All I’ve known about Cuba was basic: a socialist state with an official party of communism. As an American growing up in 60s and 70s, continuing my education into the 90s, I learned the evils of communism and experienced the tensions of the Cold War. I couldn’t resist the allure of adventure and determined to visit as soon as it became feasible for U.S. citizens. Still, I had questions and concerns.
What freedoms do Cubans enjoy? (Familiar freedoms, it seems.) How are they restricted? (Hmm. In at least a few ways.) How does this all work? (It’s complicated.) Will I be safe? Will I feel comfortable? (Yes and mostly yes.) Does it matter that I don’t speak Spanish? (Not much.) Should I go now or wait awhile? (That depends.) I’ll get to this and more in subsequent posts, I promise.

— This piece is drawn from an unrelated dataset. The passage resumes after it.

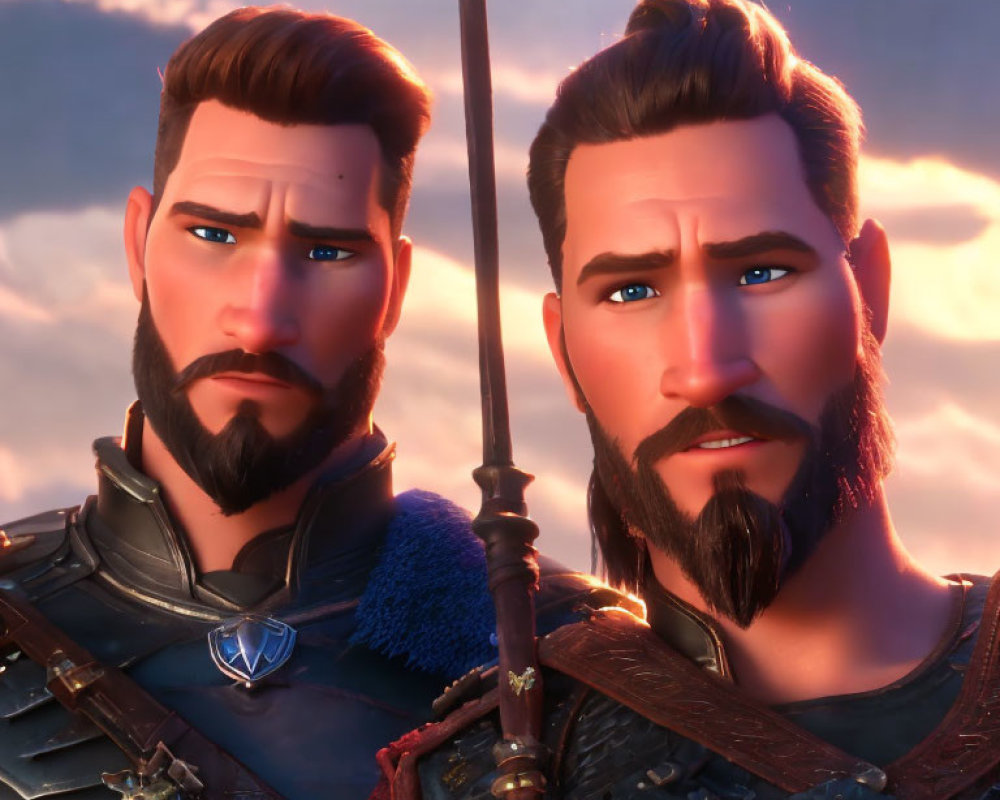 Two bearded male characters in armor with a sword, against a sunset sky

Evidence of long history and rich culture abound in the beautifully blended Cuba. There you will find happy people, exquisite art, soulful music, delicious food, lovely language, graceful architecture, diverse customs and traditions. At first glance, especially in Havana, you will notice grand structures in poor repair, literally crumbling underfoot. Restoration efforts have been underway for some time but barely scratch the surface after decades of decay. The old city is particularly congested, infrastructure out of sync with modern tourism. Press on! Plan your itinerary to allow for deeper and broader experiences and you will not be disappointed.
Despite the odds or the obvious, resilient Cubans continue to assert that “the system works.” They extol heroes like José Marti, Che Guevera, Fidel and others. There are irrefutable pride points: low infant mortality, high life expectancy, low crime, free education, universal literacy, free medical services. It’s hard to argue with this logic. They claim medical professionals are an export and health tourism is a thing — yet it’s not clear the source of either, which raises some suspicion.
The country is remarkably well kept, rubble, smokestacks and smoldering fires notwithstanding. Meanwhile, it’s impossible to deny that Cubans lack sufficient resources to maintain their homes, feed their families or enjoy many amenities and small niceties we take very much for granted — not to mention travel abroad. There is no way up or out for most.
Our taxi driver conversed in fluent English. “In Cuba, everything is the government.” All Cubans receive free health care, childcare, and education through to doctoral degrees, if they choose and prove capable. All receive a monthly ration book to obtain staples free of charge such as rice, beans, poultry, cooking oils, eggs, salt, sugar, and matches. Additional supplies may be age- or health-specific, like milk or fish. Supplies are scarce and frequent shopping required to keep the pantry stocked.
Most Cubans earn a meager monthly wage from the government, equivalent to ~$20 USD, regardless of occupation. Even combined, state resources fall far short for daily subsistence. Cubans supplement or find ways to game the system. “Black markets” are robust. Those few who work directly in tourism are most fortunate in that they may earn tips.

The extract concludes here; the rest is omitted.